Jul 08

The student career journey – and how you can help

Career services is all about helping students land a job after graduation. By the time your department sees students in their junior and senior years, they already have a major, but not necessarily a career, in mind. Helping students find out what career best suits them is an important task for your career services office as you engage students, build relationships, and put your students in the right frame of mind to jump-start their professional lives.

Take a look at a few ways you can assist students along their career discovery journey.

Career Assessment

Not all career assessment tools are created equal. Career services staffers know which assessments are viable and which sources are less than useful. Your staffers can talk to experts in human resources to curate the best online assessments for students to use. Have a sit-down session with individual students to go over an assessment, and see what they think and feel after taking one. When an appointment in the career center is too much hassle, send the career assessment to the student through an email, text message or career services app.

If you have the time, investment, energy to get buy-in from administration, consider making career assessment mandatory for all students. Make it easy for students to take it through their mobile devices. Utilizing all of the tools at your disposal to get an assessment in front of your students will help you enrich the student experience while on their search for a career pathway.

Career Fair

Hosting a career fair takes a lot of effort, yet it’s an effective way to engage students and put them on the right path towards a job after graduation. A career fair once a semester needs an all-out effort from career services, recruiters and other campus departments. Encourage recruiters who attend the event to bring along esteemed alumni who can relate to students and who can show how a degree prepares a graduate for a particular career. Students can ask those alums questions about what it’s really like to work for that company in their field of expertise.
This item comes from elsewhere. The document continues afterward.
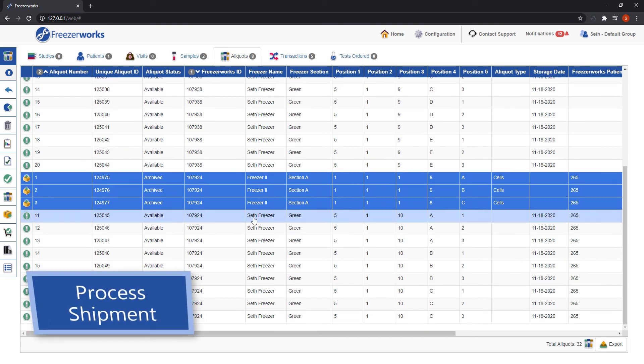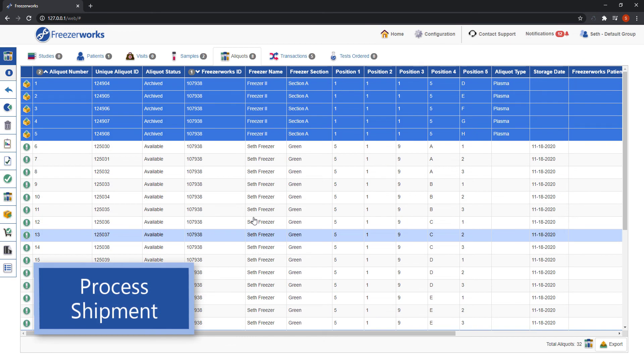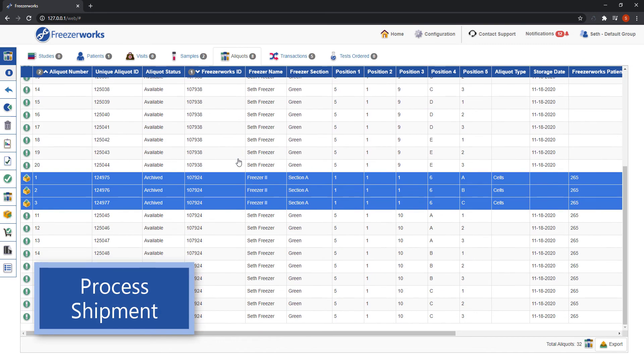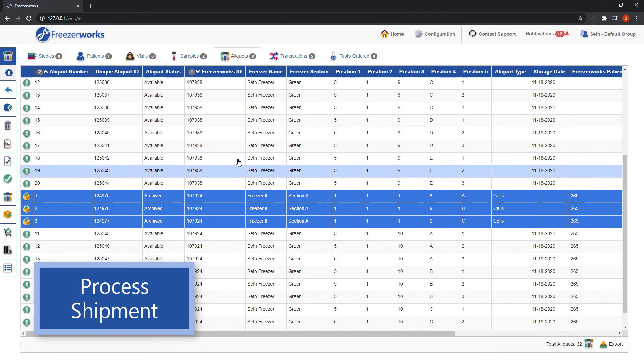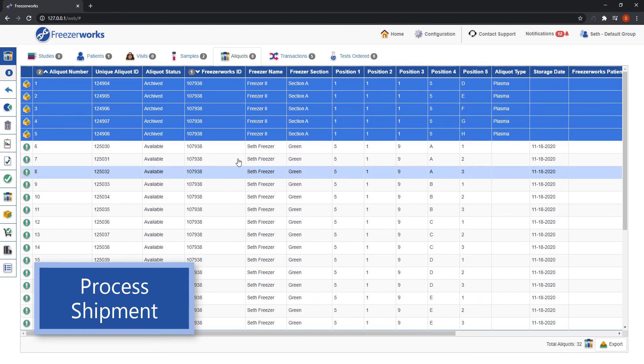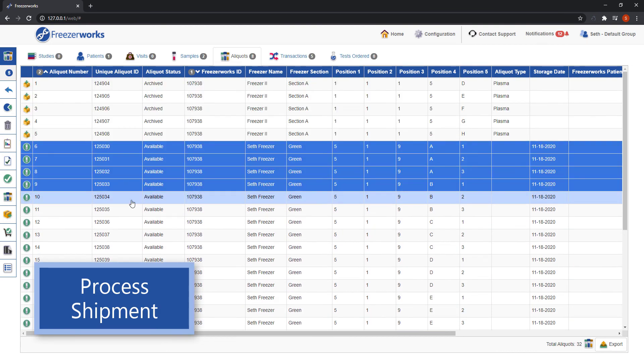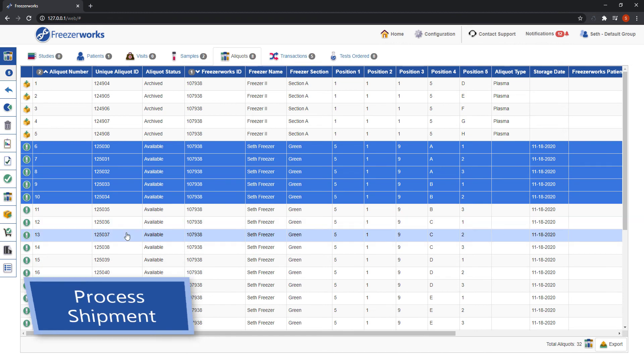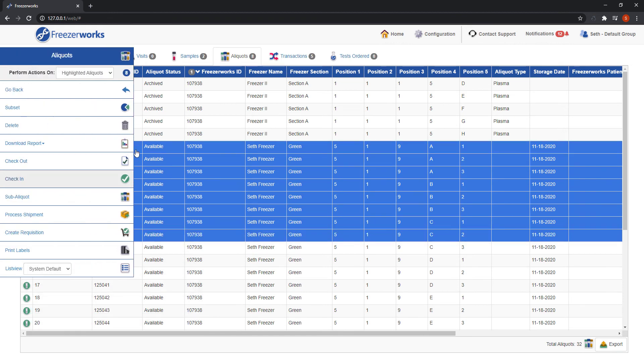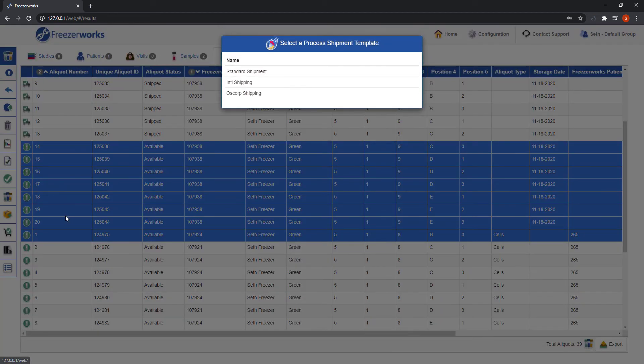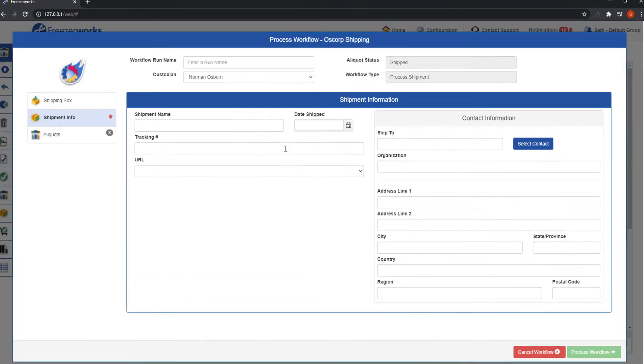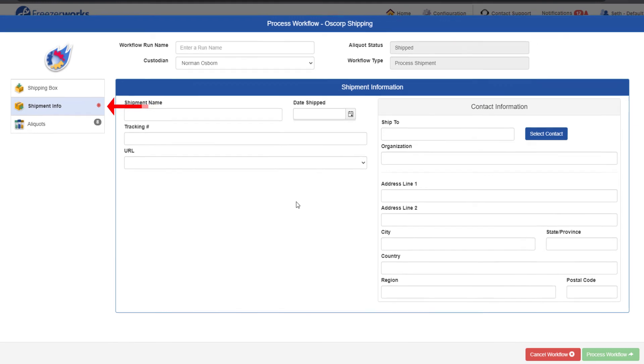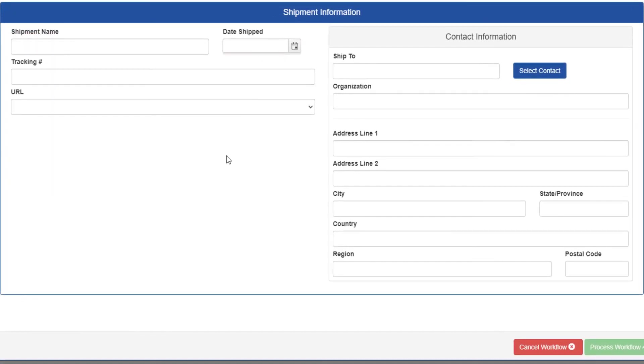The last workflow type we need to go over is process shipment. Let's say some of these new sub-aliquots need to be shipped off to another lab. We'll highlight them, hover over the actions menu, and select process shipment. Pick the template you'd like, and the process workflow form will appear. Everything about a shipment workflow is the same as a checkout, aside from a couple things. First, you will always have at least one required task page called shipment info. This is essentially the shipping file from the desktop.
Ensure that the career fair experience is enhanced for your students and employers by doing your part in helping employers create an inbound recruiting strategy for your career fair.

Follow up with students who attend the fair to encourage them to maintain contact with recruiters. Do the same on the recruiter’s end.

Career Discovery Days

Several colleges and university host career discovery days, which are special events that give students hands-on, practical advice on what it’s like to work at a specific job in terms of daily duties, experience needed and skills someone must learn.

Des Moines Area Community College hosts a career discovery day between eight to 10 times per semester. Topics include IT, education, engineering and health care. Students who attend these career discovery days hear from instructors and tour employer facilities. Although the events at DMACC are geared for high schoolers, college students can also benefit from events like this.

Harvard’s Graduate School of Design holds a career discovery day so students can be sure they really want a design degree. Students attend an intensive workshop that includes lectures, studio work, workshops and field trips to see what life is really like after graduation. A campus-wide career discovery day can encompass as many departments as needed, with career services acting as the overseeing organization to help students discover their career pathway.

Classroom Visits

Invite employees of companies to make classroom visits. Developing relationships between recruiters, employers and professors comes into play in a huge way here. Employees can make presentations in front of upper-division classes to demonstrate what it’s like to work at a particular company. Representatives can field questions and answers from students, hang out after the class time is over, and point to resources that students can use to stay engaged with the employer.

Social Media

Engaging students means reaching out through social media, especially Facebook. Career services staffers can point to resources, companies and content that help students discover if a career is right for them. Don’t just tell your students to find reviews on Glassdoor.com. Put students in touch with employers’ career pages that are geared specifically for college graduates. Link to videos, blogs and articles that show employees at work. Content from actual employees is the next best thing to actually shadowing someone or working as an intern ahead of full-time employment.

Showing students relevant content as part of your overall strategy can help students on their career discovery journey. Consider short videos, webinars, live streams, Google Hangouts or Facebook Live sessions from career services and employers as students consider what career path to follow. These tools are generally low- or no-cost compared to the effort it takes to host a career fair or discovery days.

The career journey is unique to each student, and not every journey ends up with the same results. Figuring out a career doesn’t happen after just a computerized career assessment. It’s the job of career services to nurture students into full-time careers as much as possible by investing in the right tools to make personalized career pathways happen.